Le prêtre Johann Evangelist Traber – Fondateur de la Caisse Raiffeisen suisse, pionnière des banques coopératives

par Brigitte von Bergen

La crise de la grande banque suisse Credit Suisse et son rachat par l’UBS ont montré que nous vivons des temps incertains en ce qui concerne la stabilité de notre système financier. Le professeur allemand d’économie politique Christian Kreiß, entre autres, s’est récemment exprimé sur la question de savoir comment le rendre plus résistant aux crises pouvant avoir des conséquences fatales pour l’économie locale comme pour l’économie mondiale.
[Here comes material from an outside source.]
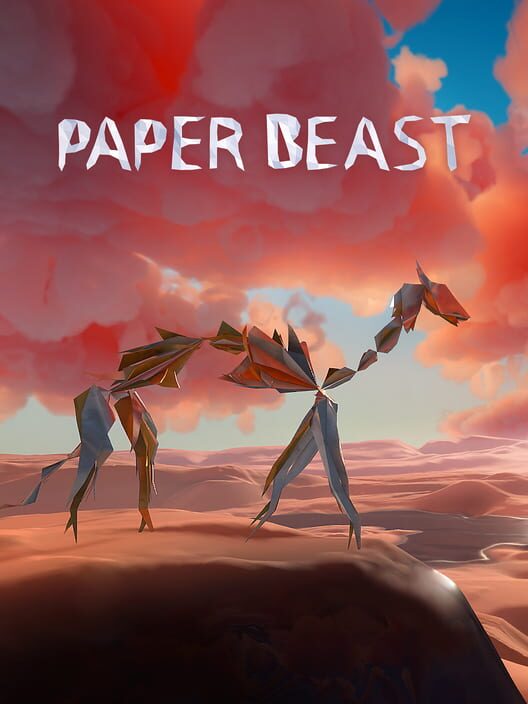 Jaquette de Paper Beast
Il a conseillé de privilégier les petites institutions financières: «La crise financière nous a appris que plus les banquiers sont éloignés de leurs clients, plus leur comportement est irresponsable. Inversement, plus une banque est enracinée au niveau régional, plus elle agit en général de manière responsable. D’un point de vue éthique, les petites banques régionales sont une véritable lueur d’espoir.»1

Le curé Johann Evangelist Traber a fondé une telle banque à la fin du 19e siècle, et il vaut la peine, surtout à notre époque, de se pencher plus en détail sur cet exemple. Il a posé les bases de la première Caisse Raiffeisen suisse selon le principe du réformateur social allemand Friedrich Wilhelm Raiffeisen. Des préparatifs minutieux ont finalement mené à la création réussie de la banque à Bichelsee, qui ouvrit ses portes le 1er janvier 1900. Depuis lors, des banques Raiffeisen aux activités commerciales florissantes virent le jour dans de nombreuses communes.
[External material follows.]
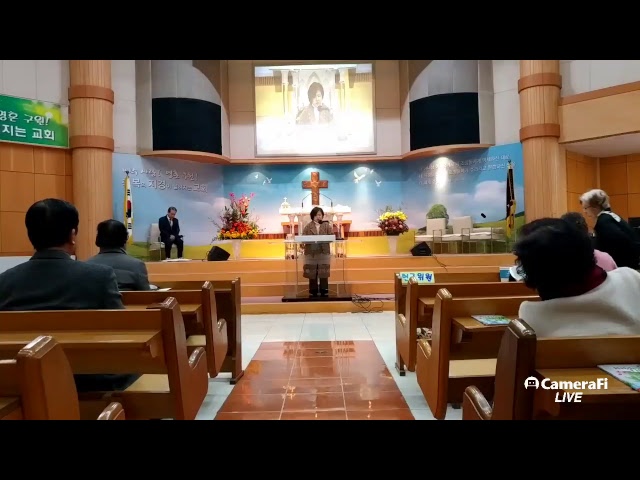 오정감리교회, 황경애 사모 간증집회  s broadcast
Les coopératives stimulent
les capacités d’auto-défense

La pauvreté sévissait alors partout en Suisse. Traber avait donc à cœur d’aider les gens à sortir de la pauvreté par eux-mêmes. Il voyait une possibilité dans l’idée de coopérative: «Le capitalisme ne cesse d’enfler et la classe moyenne souffre de déperdition. ‹Aide-toi toi-même!› L’aide efficace à soi-même, ce sont les banques Raiffeisen», explique Traber dans son ouvrage «Kurze Aufklärung über Raiffeisensche Darlehenskassen-Vereine».2 La forme de la coopérative était la mieux adaptée à cette situation, car «la coopérative est la forme originelle de l’activité commune dans l’entraide, la responsabilité et l’administration. Il est conforme à la nature humaine de maîtriser ensemble les tâches de la vie.»3 Cette tradition est répandue en Suisse depuis des siècles. Il s’agit avant tout de promouvoir et de développer économiquement tous les membres par leurs propres moyens. Jetons un regard en arrière sur l’époque où ce travail de pionnier méritoire a été réalisé.
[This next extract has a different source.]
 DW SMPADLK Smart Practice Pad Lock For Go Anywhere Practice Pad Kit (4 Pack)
Un prêtre défié par les réalités

En 1885, Johann Traber, qui disposait déjà d’une certaine expérience de la vie, a été nommé prêtre dans la commune de Bichelsee, dans l’Hinterthurgau. Il a œuvré à une époque où les gens étaient très pauvres en de nombreux endroits. Il voyait leur détresse. La population était majoritairement composée de paysans et de quelques artisans. L’industrie textile, en particulier la broderie mécanique, s’est fortement répandue en Suisse orientale à partir de 1850 environ. Les familles avaient besoin de crédits pour construire des locaux de broderie pour les machines à broder. La plupart du temps, elles se trouvaient près des fermes et étaient exploitées par les familles paysannes en tant qu’industrie domestique en plus de leur activité agricole. Cela leur apportait un revenu supplémentaire.
    L’ouverture d’esprit du curé Traber et son regard sur toutes les questions préoccupant les gens à l’époque l’ont incité à chercher et à développer des solutions pas à pas. Il a toujours fait participer les habitants du village à la réflexion, à l’organisation et à l’entraide. Ils ont ainsi pu améliorer leur vie. L’aide déterminée et courageuse qu’il apportait à ses concitoyens constituait un trait caractéristique de sa personnalité. Il ne restait jamais impuissant devant un problème, son attitude était la suivante: «Là où il y a de la volonté, il y a un chemin!»4

Le fondement de l’aide du pionnier:
l’encouragement

Le curé Traber a encouragé la vie associative dans la paroisse. Les associations créent des occasions pour les gens de se rencontrer et de discuter des questions qui les préoccupent. La première chose qui lui importait après son entrée en fonction était les femmes; elles devaient disposer d’un cadre pour discuter de leurs questions. Il a fondé l’association Christlicher Mütterverein Bichelseel’association chrétienne des mères de Bichelsee») dans le but de promouvoir «[…] l’éducation de la jeunesse» afin de s’aider et de s’encourager mutuellement à faire tout ce qui est bon dans ce but».5 Pour se former, les femmes et les mères pouvaient assister à des conférences sur l’éducation portant sur des questions pratiques.
    La même année (1896) fut créée l’association «Männerverein» («l’association des hommes»), à laquelle Traber conférait une fonction importante et un sens global. D’une part, elle devait former la population dans un sens religieux et éthique, afin de la mettre en mesure de contribuer à la résolution de la question sociale sur une base chrétienne. D’autre part, on voulait offrir des informations sur d’autres questions politiques et scientifiques brûlantes, telles qu’elles se présentaient à l’époque et dans leurs propres circonstances, par exemple sur la question de l’utilité publique.
    Le prêtre Johann Evangelist Traber a étudié en détail l’encyclique «Rerum Novarum», publiée par le pape Léon XIII le 15 mai 1891. Elle s’oppose à l’exploitation des travailleurs et enseigne de manière convaincante comment l’humanité peut améliorer sa situation par l’entraide et le soutien mutuel. Toute l’action de Traber et les fondations d’associations mentionnées reposent sur cette idée.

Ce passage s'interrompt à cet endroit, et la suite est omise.